There you are, having a nice quiet discussion at a dinner party or at the local, when someone opens up their over-wide mouth and raises one of those ‘do not mention’ burning issues that not only divides opinion but can in extremis split up longstanding friendships and families. Often made worse when fuelled by too much cider or prosecco, some discussion points are particularly divisive and should never be mentioned in polite society for fear of social breakdown or an outbreak of world war three in the village pub. Apart from the ever-red historical favourites of politics, religion, abortion and doctor-assisted suicide, in the 21st century we can now add ‘iPhone versus Android’, McDonalds, Brexit, Online dating, Facebook, Kanye West and ‘Keeping Fit’ as subjects that are best avoided, unless you enjoy long futile unresolved arguments between friends.

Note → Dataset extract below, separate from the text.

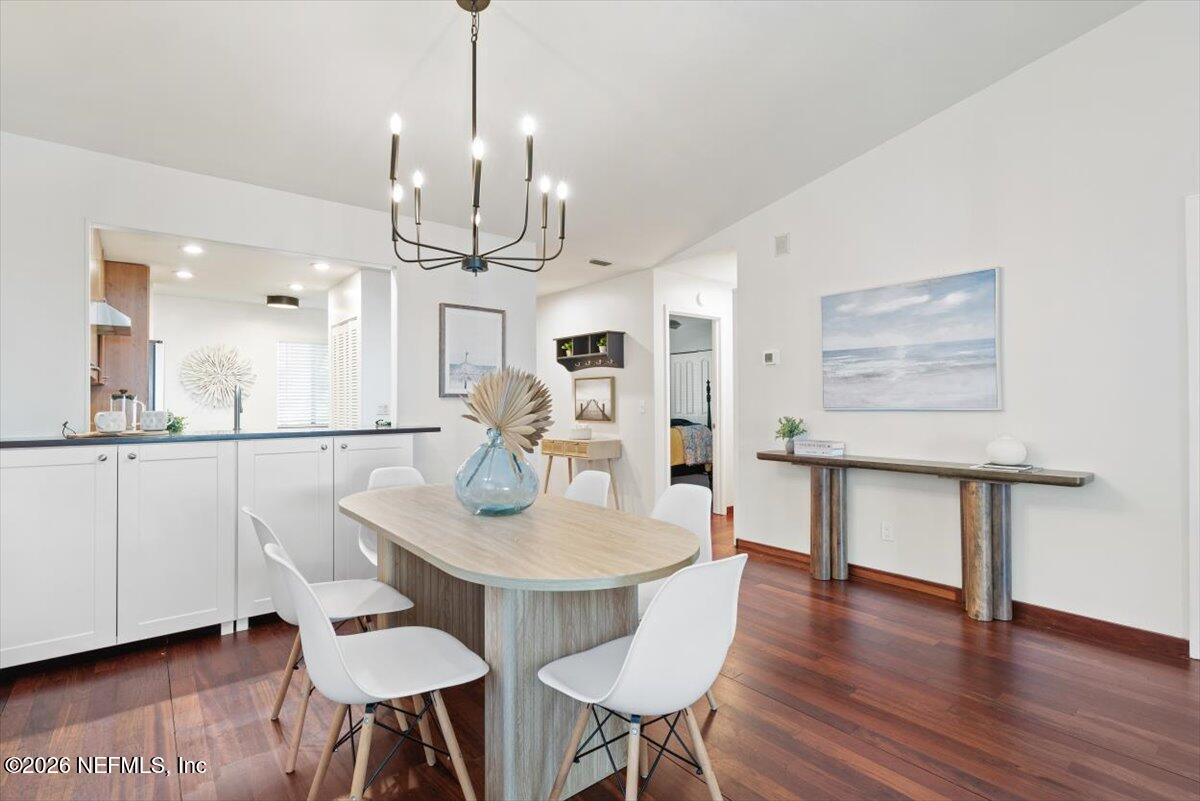 1909 S UNIVERSITY Boulevard 708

It’s as Black and White as arguing about Marmite. Or Marzipan (yuk). Pointless discussions like these are also incredibly boring for everyone else to listen to.
Jeremy Clarkson used to be on my taboo topic list because opinions about him were so divided, but he rather dropped off my radar with his move to the ‘Grand Bore’, although he may come back onto it with his rebirth on ‘Millionaire’. Likewise, the other ‘Jeremy’ (née Paxman) has mostly vanished from popular gossip after leaving Newsnight, and we obviously can’t discuss the third ‘Jeremy’ (née Corbyn) since he is filed under ‘politics’ and is consequently an automatic ‘no-go’ discussion area. And don’t forget burning local issues such as new housing in the Blackmore Vale or the Chideock A35 bypass—both of which can cause normally nice citizens to wax furious and walk out of any party.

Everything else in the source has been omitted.